Prompt: The lines to extract begin at the line that contains "TCJJ 112 Pieces" and run through the last line of the listing; reproduce them exactly, minus any pictures.

Given data:

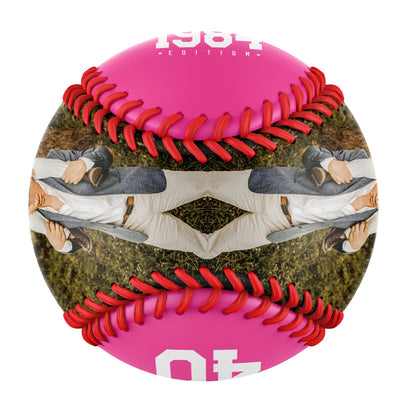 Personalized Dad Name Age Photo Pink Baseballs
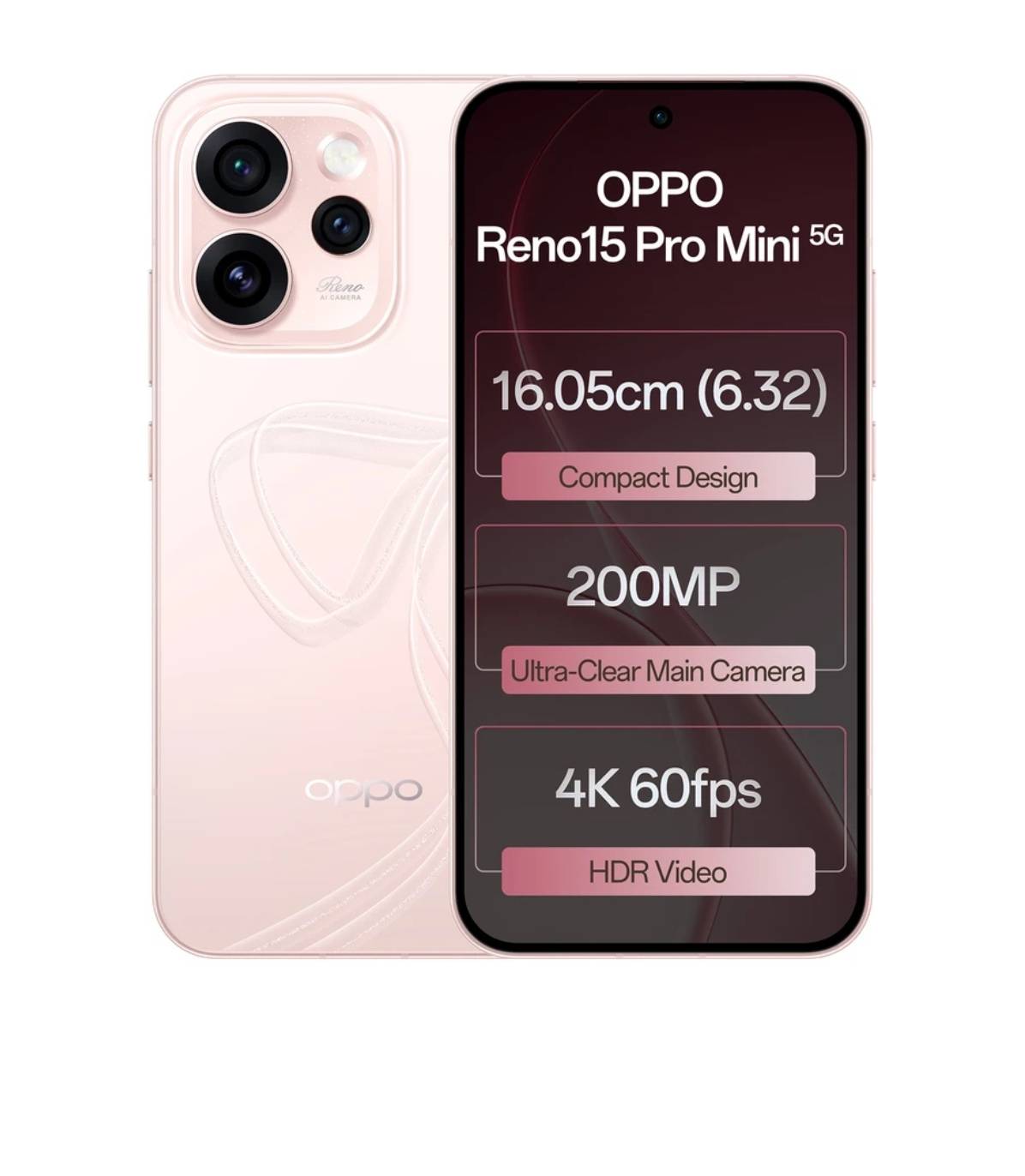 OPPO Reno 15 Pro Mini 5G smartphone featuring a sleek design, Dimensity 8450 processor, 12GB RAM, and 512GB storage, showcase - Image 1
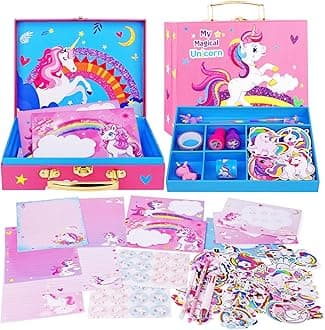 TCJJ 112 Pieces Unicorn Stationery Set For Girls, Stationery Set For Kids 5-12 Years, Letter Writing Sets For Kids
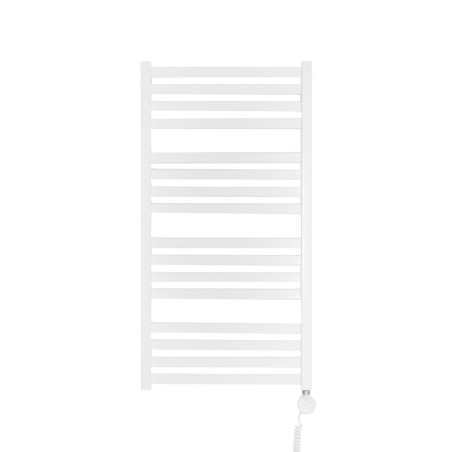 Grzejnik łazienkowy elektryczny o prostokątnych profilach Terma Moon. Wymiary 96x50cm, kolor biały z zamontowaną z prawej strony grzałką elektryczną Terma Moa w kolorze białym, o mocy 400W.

Your response:
 TCJJ 112 Pieces Unicorn Stationery Set For Girls, Stationery Set For Kids 5-12 Years, Letter Writing Sets For Kids
 Grzejnik łazienkowy elektryczny o prostokątnych profilach Terma Moon. Wymiary 96x50cm, kolor biały z zamontowaną z prawej strony grzałką elektryczną Terma Moa w kolorze białym, o mocy 400W.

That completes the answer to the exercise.